The Native American activist, seen beating a drum Friday as teens from Covington Catholic High School in Kentucky surrounded and mocked him, has referred to himself as a “Vietnam-times” veteran. He described in interviews getting spit on and called a baby killer by a “hippie girl” and told the Detroit Free Press on Saturday that “I’m a Marine Corps veteran, and I know what that mob mentality can be like.”

The sight of him surrounded by a group of teens wearing red baseball hats emblazoned with President Trump’s “Make America great again” campaign slogan and the shifting narratives about the incident afterward have prompted political outcry from conservatives and liberals alike.


Nathan Phillips, center, with other Dakota Access Pipeline protesters in February 2017 near Cannon Ball, N.D. (Mike McCleary/Bismarck Tribune/AP) (Mike Mccleary/AP)
The incident also has led to scrutiny of Phillips’s service record after an organization representing him, the Lakota People’s Law Project, described him as a Vietnam veteran in a news release and numerous media reports identified him as one afterward. Several, including The Washington Post, have since issued corrections.

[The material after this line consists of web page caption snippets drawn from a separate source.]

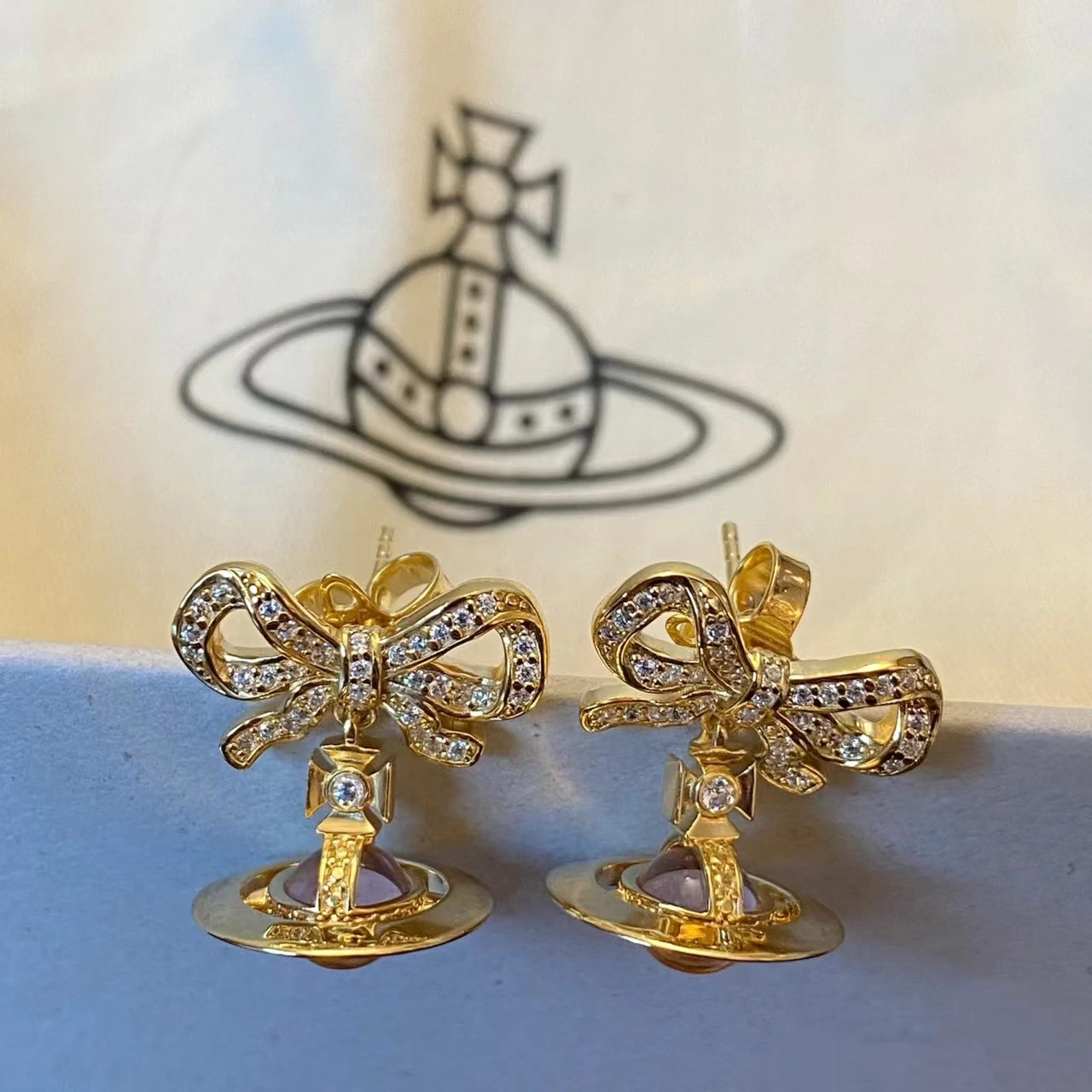 Vivienne Westwood Bowknot Crystal Saturn Earrings - Best Replica Jewelry™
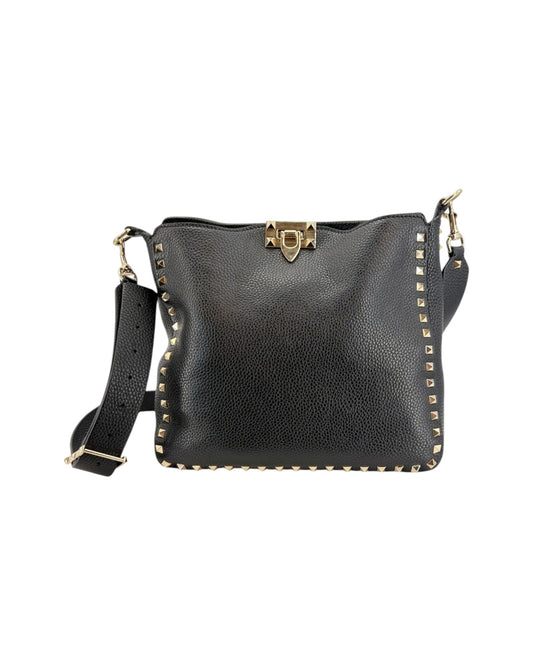 Black leather handbag with gold accents on a white background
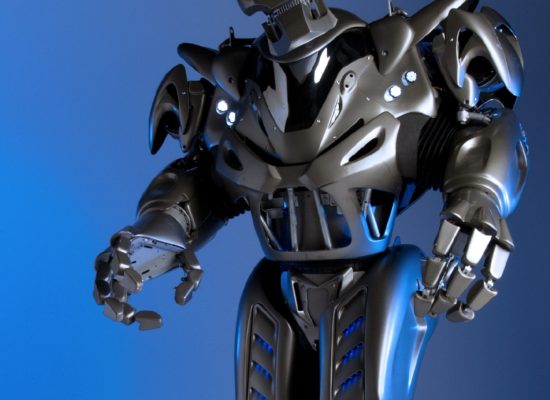 Titan The Robot Against A Blue Background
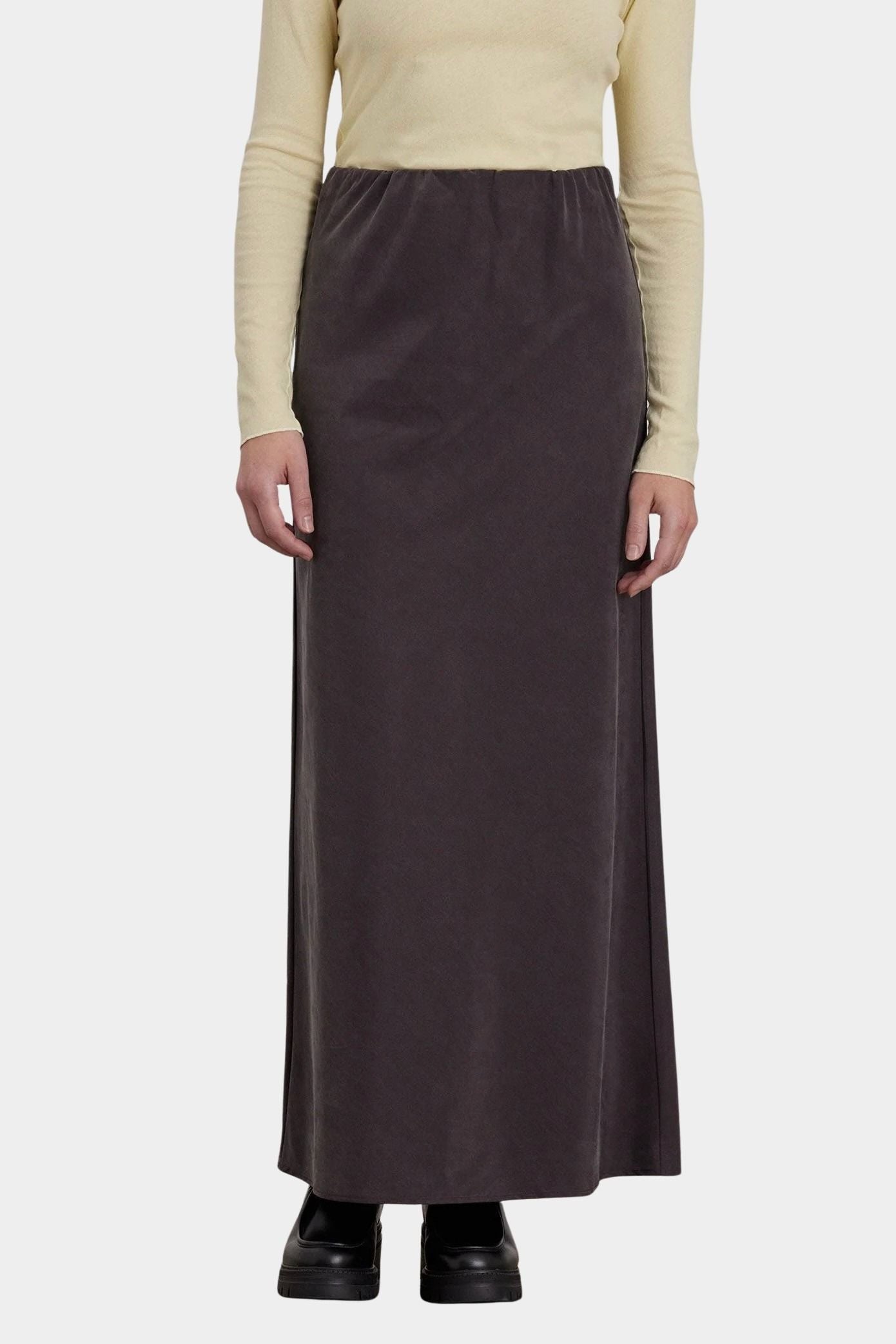Black Crane Bias Skirt Dark Plum front view showing streamlined maxi silhouette at YUCCA Denver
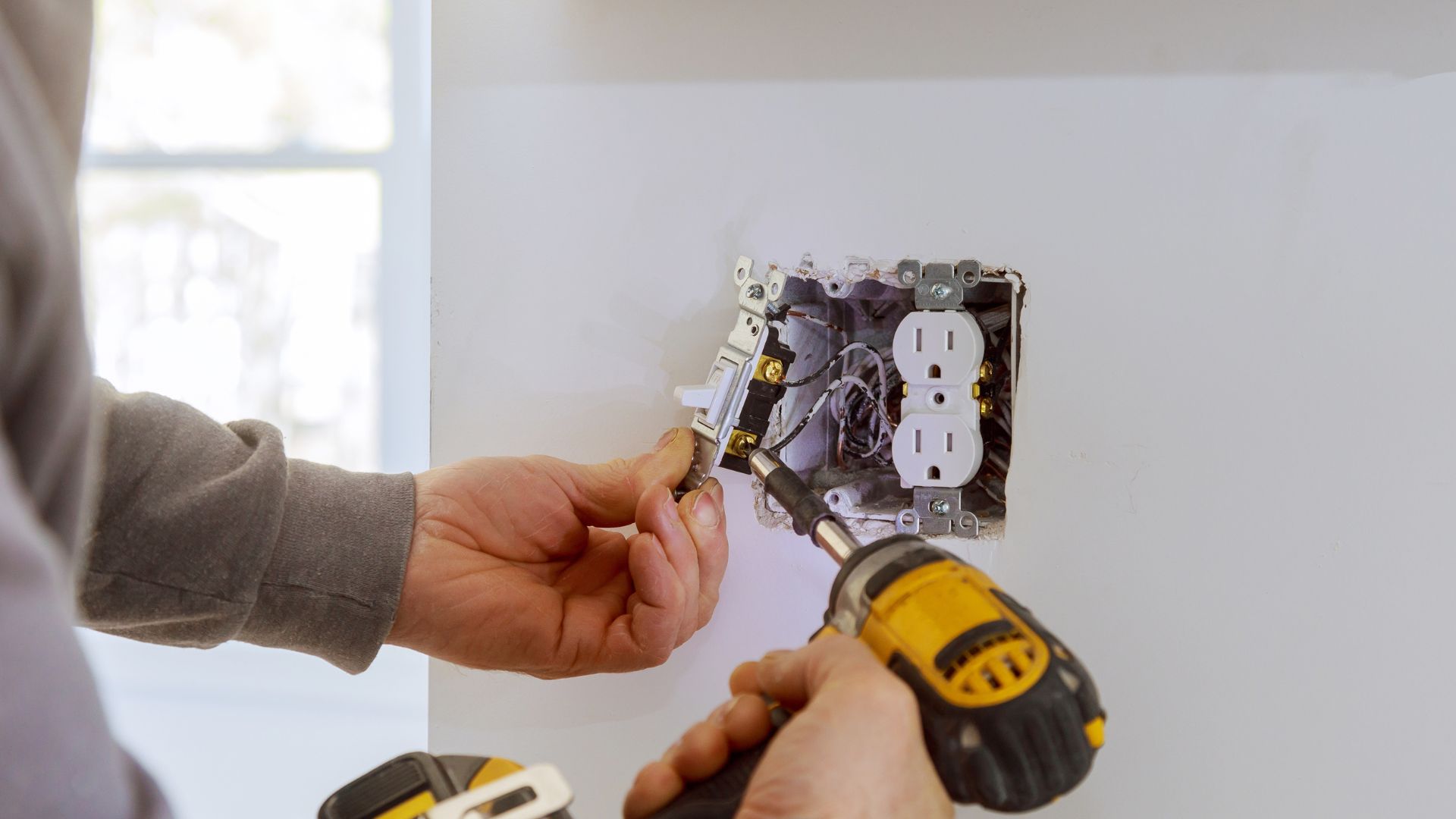 Image of an electrician installing a new electrical outlet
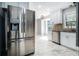 Updated kitchen featuring stainless appliances, tile backsplash, and a spacious refrigerator at 1663 Pounds Sw Rd, Stone Mountain, GA 30087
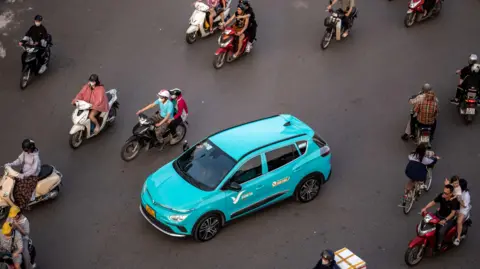 Getty Images A blue VinFast electric car on the streets of Hanoi surrounded by mopeds.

In reality, Phillips served from June 1972 to May 1976 in the Marine Corps Reserve, a service spokeswoman, Yvonne Carlock, said Wednesday. He did not deploy, and he left the service as a private after disciplinary issues. From October 1972 to February 1973, he was classified as an antitank missileman, a kind of infantryman, Carlock said. He then became a refrigerator technician for the majority of his service.

Daniel Paul Nelson, a leader in the Lakota People’s Law Project, said in an interview that his group made the error and that Phillips never told the group he served in Vietnam. The group, Nelson said, “trusted what we had seen” in previous stories about Phillips, some of which also referred to him erroneously as a Vietnam veteran.

“We were trying to do the advocacy work that we do,” Nelson said.

Phillips, who turns 64 next month, is not old enough to have deployed to Vietnam as a Marine infantryman, prompting accusations that he was lying about his service.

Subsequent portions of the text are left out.